Xixi ging hinüber, zerrte die tote Palastmagd ins Zimmer und drückte, als sie am Bett ankam, einen Schalter unter dem Kissen. Sofort öffnete sich eine Tür, groß genug, dass eine Person hindurchpasste. Dann schleppte sie die Leiche die Treppe hinunter.

Das schwache Kerzenlicht erhellte Xixis halb erleuchtetes, halb beschattetes, kaltes Gesicht. „Fast fertig“, sagte sie und starrte auf ihre blutbefleckten Hände, die ihr selbst taub erschienen.

Sie hatte Dugu Yes Versprechen nicht vergessen; sobald diese Angelegenheit erledigt war, konnte sie sich ihren lang gehegten Wunsch erfüllen. Plötzlich fiel ihr ein, dass Dugu Ye zum Liwan-Palast gegangen war, und ein dunkler Schatten legte sich auf ihre Augen. Diese Schlampe – sie konnte ihr jetzt nichts mehr anhaben. Sie würde es ihr heimzahlen. Ihr Blick fiel auf die Reihen der an Bambus gefesselten Leichen, deren Körper erkalteten. Ein kaltes Lächeln umspielte ihre Lippen.

Dugu Ye war voller Nervosität, als er im Liwan-Palast ankam. Sobald er den Palast betreten hatte, eilte er zum Bett und umarmte die Frau, die darauf lag.

Die Palastmädchen und Eunuchen erschraken und zogen sich mit gesenkten Köpfen rasch zurück, um die Palasttore zu bewachen. Obwohl Konkubine Wan nicht in der Gunst des Kaisers stand, war sie immer noch seine Gemahlin; dass der Kronprinz eine Beziehung mit einer Konkubine eingehen würde … da wollten sie ihr Leben nicht riskieren.

Beim Anblick der schlanken Schönheit verspürte Dugu Ye einen Stich im Herzen. „Wanwan…“

Mit Tränen in den Augen sagte Murong Wan: „Ja, ich leide so sehr…“ Ihre Augen waren feucht, und dann rollten ihr die Tränen einzeln über die Wangen.

Dugu Yes Herz wurde weich, und er zog sie in seine Arme und tröstete sie mit größter Zärtlichkeit: „Hab keine Angst, hab keine Angst, ich bin da. Erzähl mir alles, was dich bedrückt hat…“

Murong Wan erzählte dann, wie sich die Konkubinen gegen sie verschworen hatten: „Und, und…“

„Wer denn sonst?“, fragte Dugu Ye wütend. Wie konnten sie es wagen, seine Frau so zu schikanieren? Das würde er nicht durchgehen lassen. „Keine Sorge, Wanwan, ich werde es ihnen heimzahlen.“

Murong Wan schmiegte sich wie ein kleiner Vogel an Dugu Ye. „Und Prinzessin Qianxi hat mir gedroht, dass ich nicht mit dir zusammen sein darf.“ Sie blickte ihn mit einem gekränkten Ausdruck an.
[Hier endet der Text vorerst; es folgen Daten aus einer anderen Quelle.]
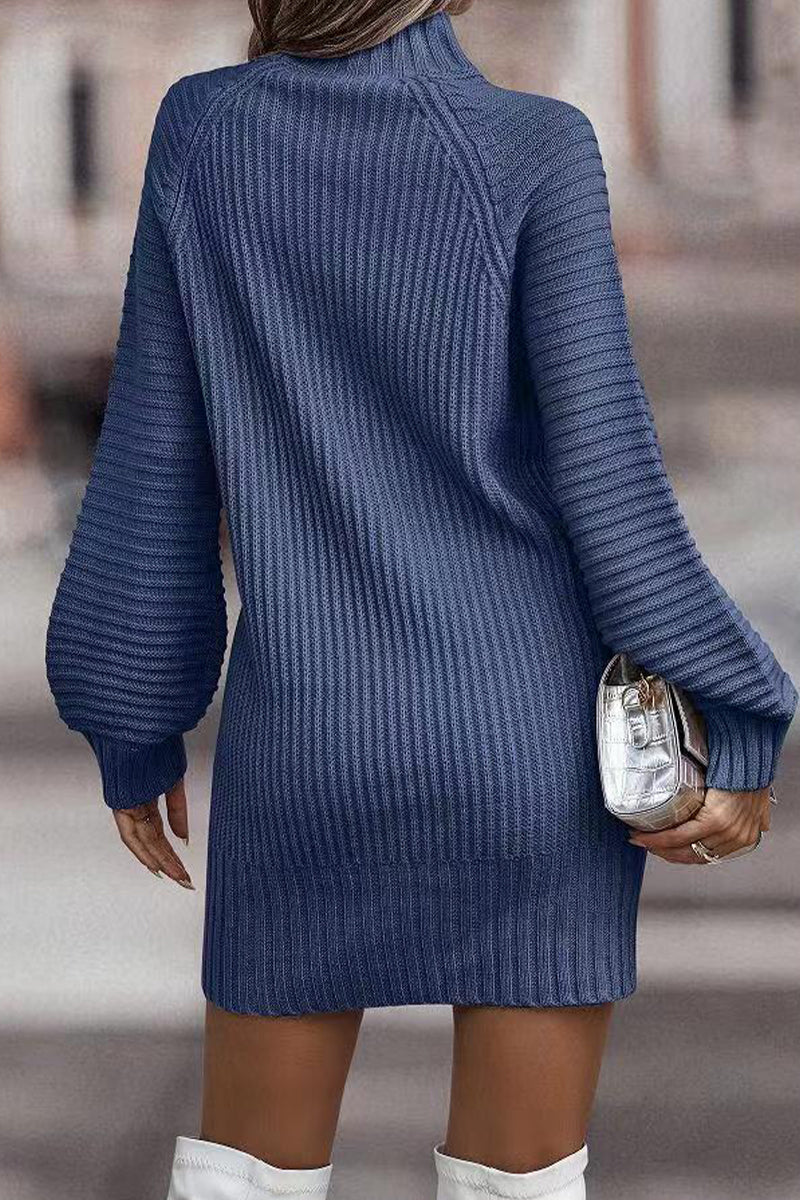 Sara | Casual solid patchwork dresses with turtleneck and one tier skirt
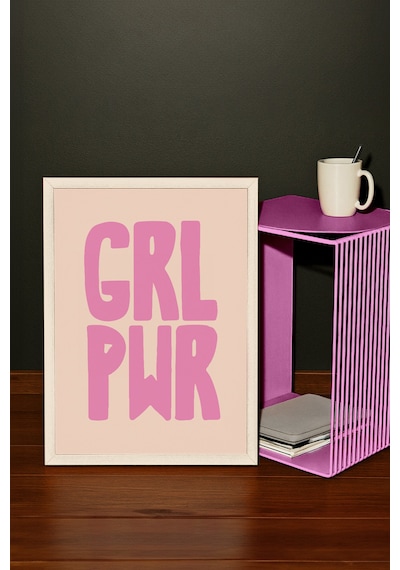 Girl Power Dekoratif Poster Tablo Beyaz Çerçeveli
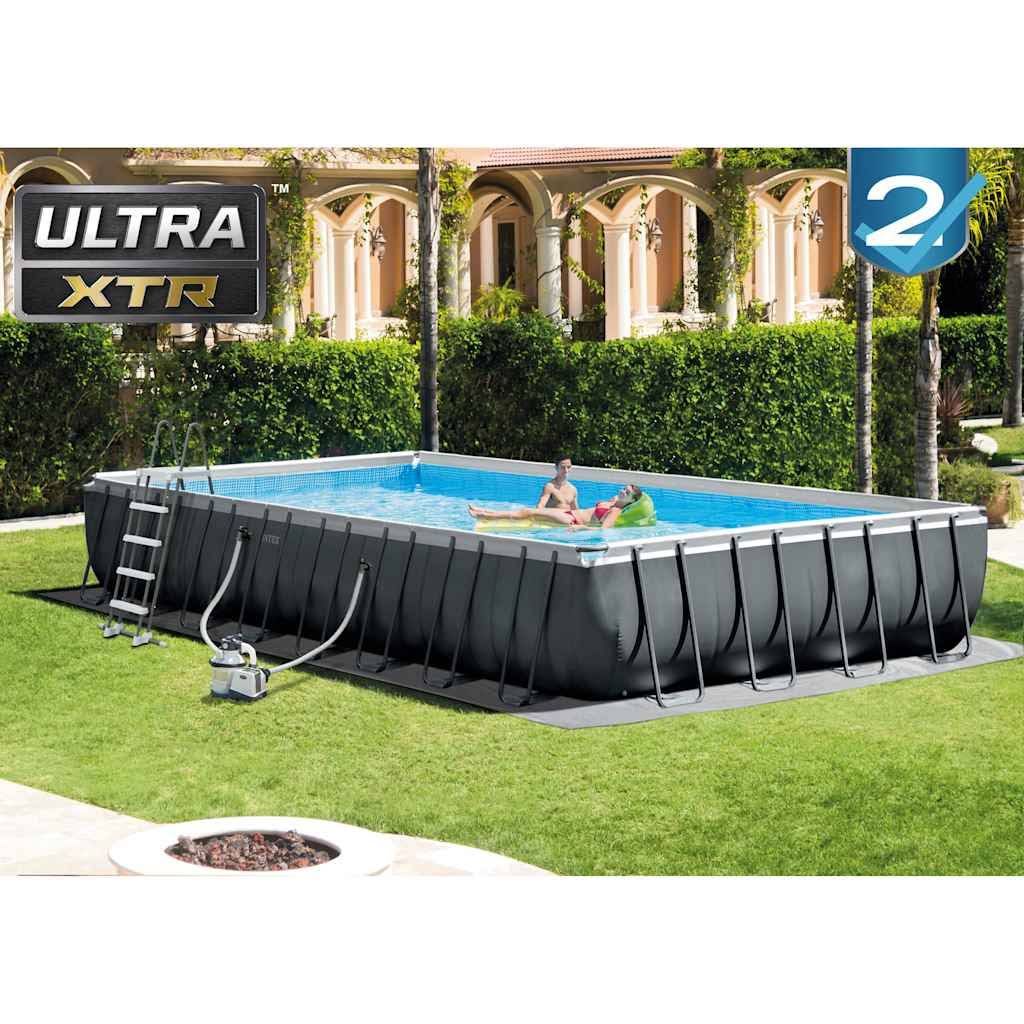 Intex Ensemble de piscine ultra xtr frame rectangulaire 975x488x132 cm(Gris)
"Ihn?" Dugu Ye zögerte einen Moment. "Was Qianxi betrifft..."

"Ja, ich will einfach nur bei dir sein. Ich habe vor nichts Angst, aber Prinzessin Xixi hat mich tatsächlich mit unserem geheimen Treffen bedroht und gesagt, sie würde es dem Kaiser erzählen, ja...", rief sie aus.